Finally got my first Musky
Well after a few months and several trips targeting musky, I finally got my first one. The fish of 10,000 casts turned into a lot more than 10,000 casts for me..lol I have had a bunch of muskies follow my lure back to the boat without striking my lure and one tail swipe my bait at the bank, but this is the first one that decided to sink it's teeth into my lure. Most of my trips up until yesterday have been out with Chrisper4696 on his John boat. We had a bunch of action while musky fishing together lately, and last trip Chris managed to put the first musky in the boat, which was a beautiful tiger musky.
Yesterday I made the best bad decision ever by deciding to go out for musky solo on my Kayak. Well my kayak isn't built for fishing or musky fishing in any way. I have a sit in 9ft kayak that has zero room for anything including a net suitable for a musky. Well after a few hours of fishing I decided to move to deeper water and fish a weed edge, and a couple casts later I get nailed. The fish brought my lure and line to a dead stop soon as I hooked up, and that's when I realized it was a big fish. the fish didn't go crazy and take off on a run until I started trying to bring him in towards me. I couldn't believe the power of this fish I was amazed how hard it was for me to even budge him or turn him in the right direction. Before I casted, I noticed there was someone swimming all the way across the lake wearing one of those head condoms. By the time I landed the fish the swimmer had already made their way to where I was fishing and even stopped to watch me with my struggle for a little while before heading back. The swimmer made it all the way back across the lake before I landed my fish. Not having a net or another helping hand made it very difficult to land the fish, not to mention the shear power of the fish had my boat going whatever direction he decided to go.
Once I finally got a hold of him he was exhausted to the point where I was actually able to grab his tail without him trashing out of my grasp. I tried taking a few pics which didn't come out to good due to how big the fish was and I was still shaking from the adrenaline rush of my first musky fight. I started to try reviving the fish after I got a pic, and the fish went belly up on me. I tried reviving him for a few minutes and realized that there was no hope and this beautiful musky wasn't going to make it. I had no intention on killing the fish or keeping it, that's the last thing that I wanted to do.

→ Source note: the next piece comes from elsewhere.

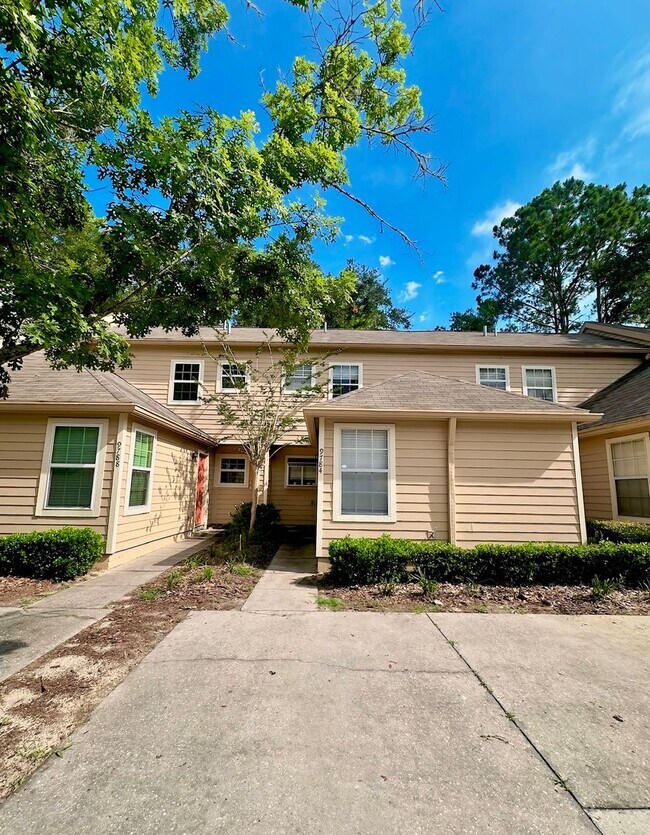 2b/2bath in Plantation Villas 9784 SW 52 Ln Gainesville FL 32608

After I realized the fish wasn't going to live, I had to get him back to shore which wasn't and easy task either. I held the beast by the gill plate with one hand and paddled all the way back to the boat launch with my other hand. By the time I got back to the launch I thought my arm and wrist were going to fall off. I had another fisherman that was launching his boat take a few pics of me with my fish and by then I was soaked with water, fish slime, blood, and sweat.
This was the greatest catch of my life and I was thrilled, yet I was very disappointed at the same time because I killed this trophy. I definitely learned from my mistake, and I don't plan on going muskie fishing solo on my kayak without a net ever again. I think I'm going to end up mounting this one so I can remember this epic battle every time I look up at him on my wall.
I couldn't be happier to have this 41 inch extremely girthy Tiger as my first Musky, and I hope to catch many more without compromising any more lives.